── Source records ──

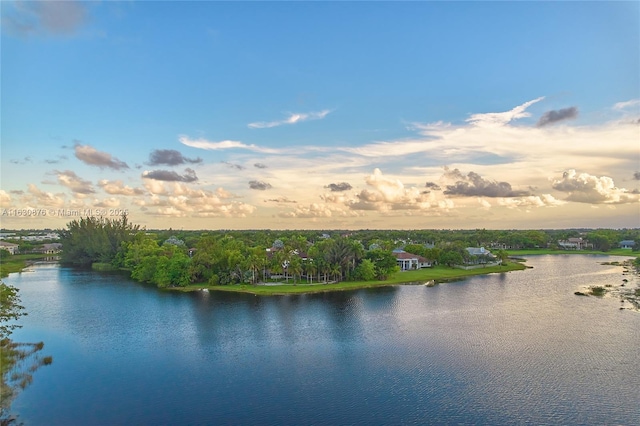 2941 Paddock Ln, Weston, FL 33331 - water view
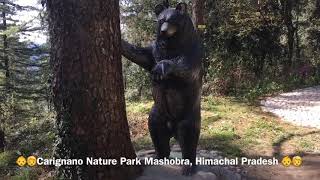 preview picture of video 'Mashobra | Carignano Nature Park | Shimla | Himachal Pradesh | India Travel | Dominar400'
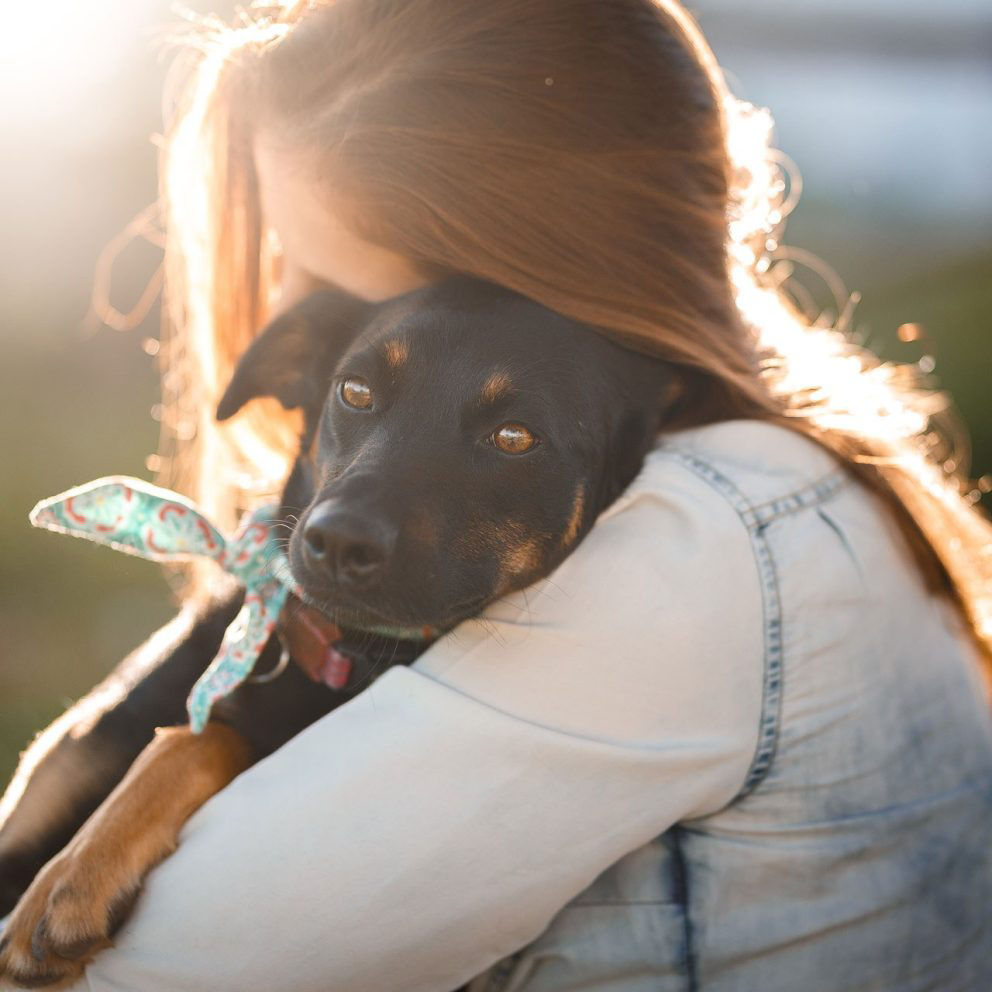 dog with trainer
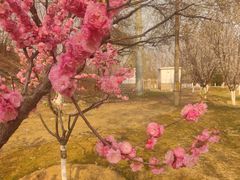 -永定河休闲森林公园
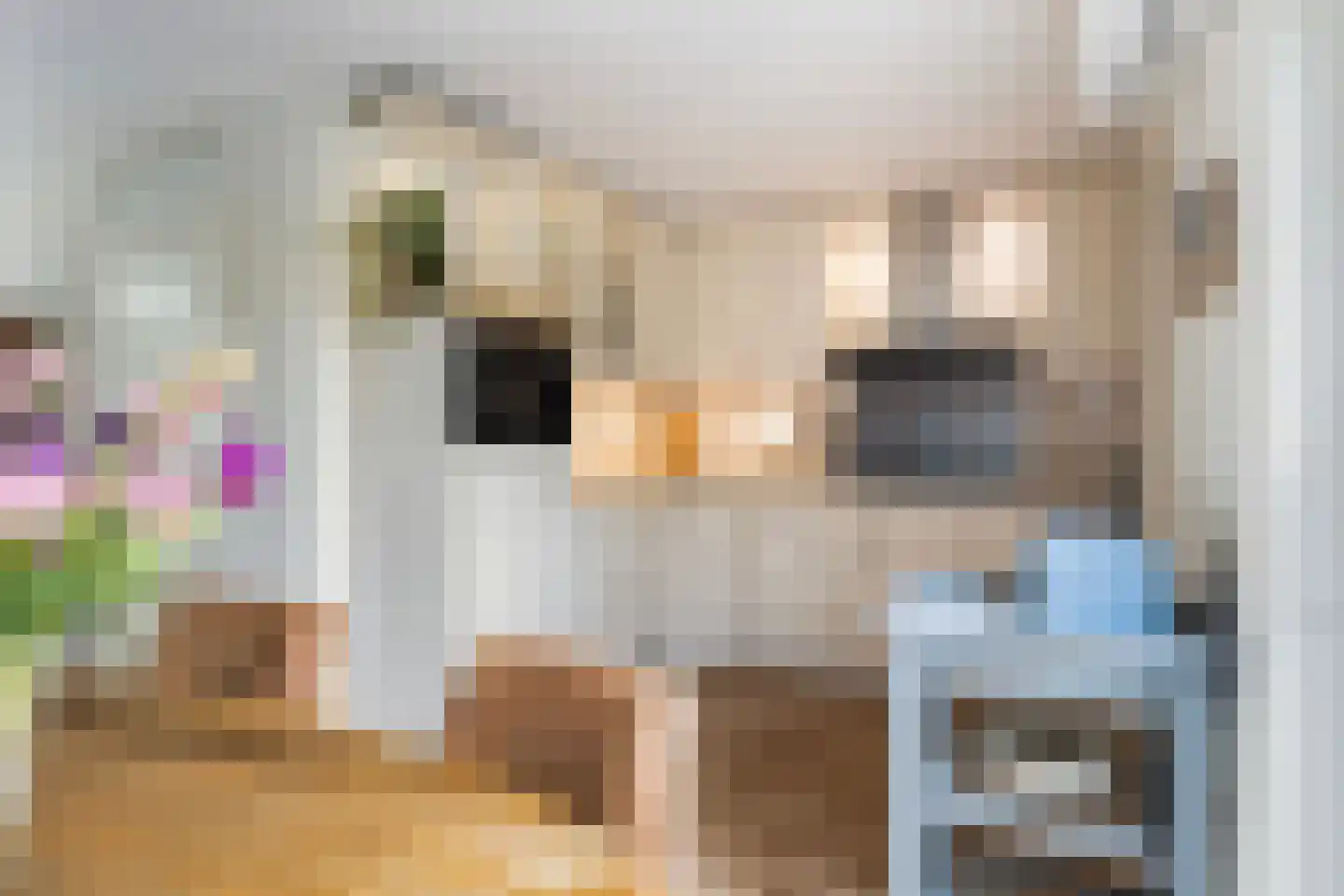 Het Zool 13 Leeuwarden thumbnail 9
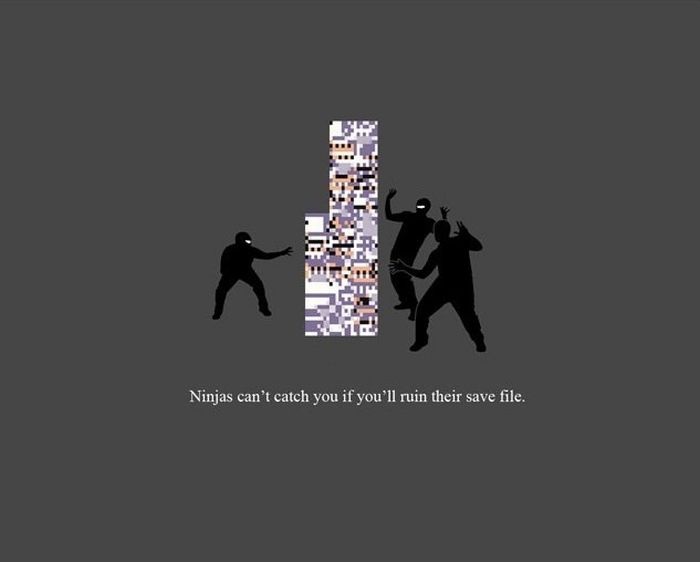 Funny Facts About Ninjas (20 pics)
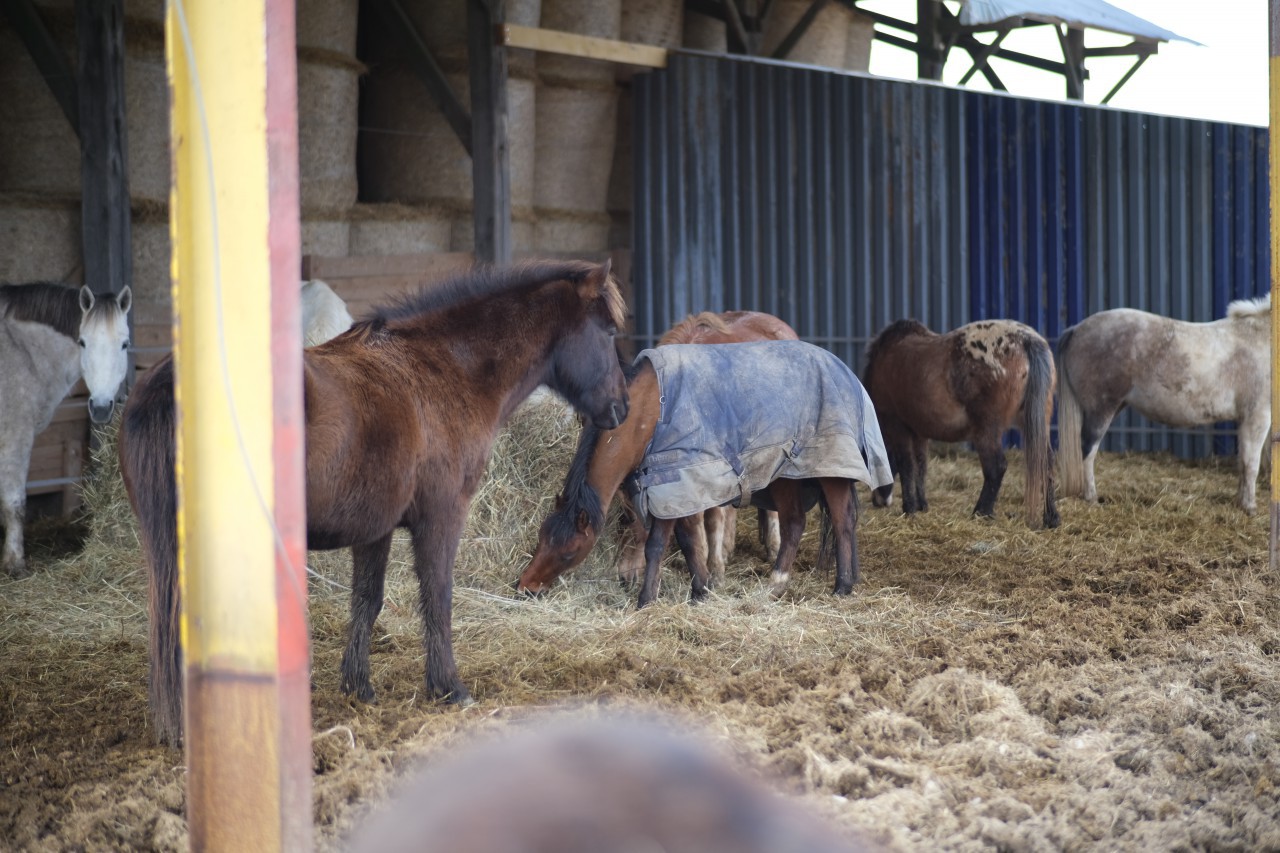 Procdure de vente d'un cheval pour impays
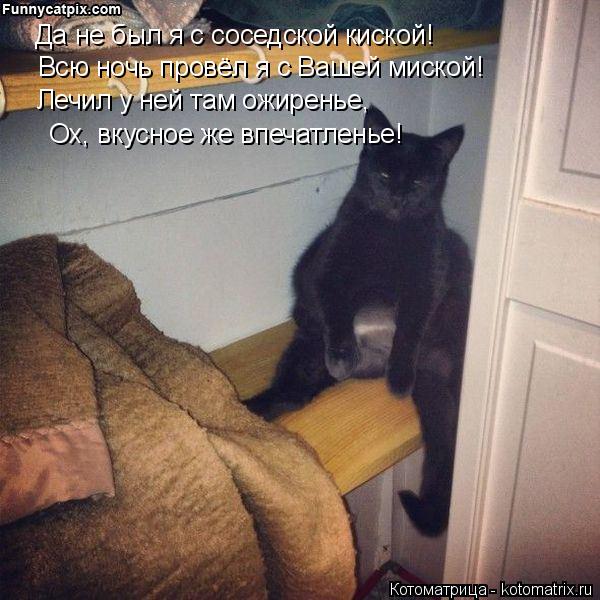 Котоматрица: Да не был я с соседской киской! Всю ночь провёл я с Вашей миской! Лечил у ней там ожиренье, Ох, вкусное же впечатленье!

───

■ Work instructions:
Word for word, restate each line above, minus its pictures.

■ Worked solution:
 2941 Paddock Ln, Weston, FL 33331 - water view
 preview picture of video 'Mashobra | Carignano Nature Park | Shimla | Himachal Pradesh | India Travel | Dominar400'
 dog with trainer
 -永定河休闲森林公园
 Het Zool 13 Leeuwarden thumbnail 9
 Funny Facts About Ninjas (20 pics)
 Procdure de vente d'un cheval pour impays
 Котоматрица: Да не был я с соседской киской! Всю ночь провёл я с Вашей миской! Лечил у ней там ожиренье, Ох, вкусное же впечатленье!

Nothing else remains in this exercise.